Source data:
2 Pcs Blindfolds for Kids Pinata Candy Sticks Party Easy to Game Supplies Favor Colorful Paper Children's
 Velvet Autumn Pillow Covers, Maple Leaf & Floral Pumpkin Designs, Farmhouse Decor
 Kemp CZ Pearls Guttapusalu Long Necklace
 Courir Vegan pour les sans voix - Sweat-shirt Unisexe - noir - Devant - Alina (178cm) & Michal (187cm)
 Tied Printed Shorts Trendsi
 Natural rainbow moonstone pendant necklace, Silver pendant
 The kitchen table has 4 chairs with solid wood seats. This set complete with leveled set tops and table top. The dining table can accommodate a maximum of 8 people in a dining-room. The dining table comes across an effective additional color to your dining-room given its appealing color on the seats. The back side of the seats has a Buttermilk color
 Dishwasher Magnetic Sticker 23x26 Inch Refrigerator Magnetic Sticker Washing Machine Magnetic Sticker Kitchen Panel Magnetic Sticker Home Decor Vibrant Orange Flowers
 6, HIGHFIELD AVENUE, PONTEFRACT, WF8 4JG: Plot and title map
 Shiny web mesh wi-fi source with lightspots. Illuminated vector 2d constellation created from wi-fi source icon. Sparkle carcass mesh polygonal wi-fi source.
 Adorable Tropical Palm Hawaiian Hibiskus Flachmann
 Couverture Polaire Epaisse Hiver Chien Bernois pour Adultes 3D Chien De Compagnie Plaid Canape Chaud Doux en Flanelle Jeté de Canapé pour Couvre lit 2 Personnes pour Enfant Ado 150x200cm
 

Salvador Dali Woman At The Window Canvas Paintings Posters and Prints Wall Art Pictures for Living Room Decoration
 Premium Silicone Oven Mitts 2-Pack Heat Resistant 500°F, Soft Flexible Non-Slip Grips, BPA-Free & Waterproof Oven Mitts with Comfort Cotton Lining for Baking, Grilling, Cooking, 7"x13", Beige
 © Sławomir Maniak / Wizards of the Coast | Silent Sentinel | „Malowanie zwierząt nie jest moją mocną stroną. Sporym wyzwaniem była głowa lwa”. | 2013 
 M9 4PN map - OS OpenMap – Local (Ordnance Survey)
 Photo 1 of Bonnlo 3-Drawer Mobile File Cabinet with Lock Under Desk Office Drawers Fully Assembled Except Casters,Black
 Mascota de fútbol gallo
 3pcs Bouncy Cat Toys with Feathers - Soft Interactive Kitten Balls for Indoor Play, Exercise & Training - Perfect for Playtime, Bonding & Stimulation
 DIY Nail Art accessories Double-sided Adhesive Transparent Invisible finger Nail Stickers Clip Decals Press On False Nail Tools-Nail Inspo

◆ WORK TO COMPLETE:
From the records above, transcribe exactly the run of lines that opens with the line holding "The kitchen table" and closes with the line holding "Mascota de fútbol gallo", both included.

◆ RESULT:
 The kitchen table has 4 chairs with solid wood seats. This set complete with leveled set tops and table top. The dining table can accommodate a maximum of 8 people in a dining-room. The dining table comes across an effective additional color to your dining-room given its appealing color on the seats. The back side of the seats has a Buttermilk color
 Dishwasher Magnetic Sticker 23x26 Inch Refrigerator Magnetic Sticker Washing Machine Magnetic Sticker Kitchen Panel Magnetic Sticker Home Decor Vibrant Orange Flowers
 6, HIGHFIELD AVENUE, PONTEFRACT, WF8 4JG: Plot and title map
 Shiny web mesh wi-fi source with lightspots. Illuminated vector 2d constellation created from wi-fi source icon. Sparkle carcass mesh polygonal wi-fi source.
 Adorable Tropical Palm Hawaiian Hibiskus Flachmann
 Couverture Polaire Epaisse Hiver Chien Bernois pour Adultes 3D Chien De Compagnie Plaid Canape Chaud Doux en Flanelle Jeté de Canapé pour Couvre lit 2 Personnes pour Enfant Ado 150x200cm
 

Salvador Dali Woman At The Window Canvas Paintings Posters and Prints Wall Art Pictures for Living Room Decoration
 Premium Silicone Oven Mitts 2-Pack Heat Resistant 500°F, Soft Flexible Non-Slip Grips, BPA-Free & Waterproof Oven Mitts with Comfort Cotton Lining for Baking, Grilling, Cooking, 7"x13", Beige
 © Sławomir Maniak / Wizards of the Coast | Silent Sentinel | „Malowanie zwierząt nie jest moją mocną stroną. Sporym wyzwaniem była głowa lwa”. | 2013 
 M9 4PN map - OS OpenMap – Local (Ordnance Survey)
 Photo 1 of Bonnlo 3-Drawer Mobile File Cabinet with Lock Under Desk Office Drawers Fully Assembled Except Casters,Black
 Mascota de fútbol gallo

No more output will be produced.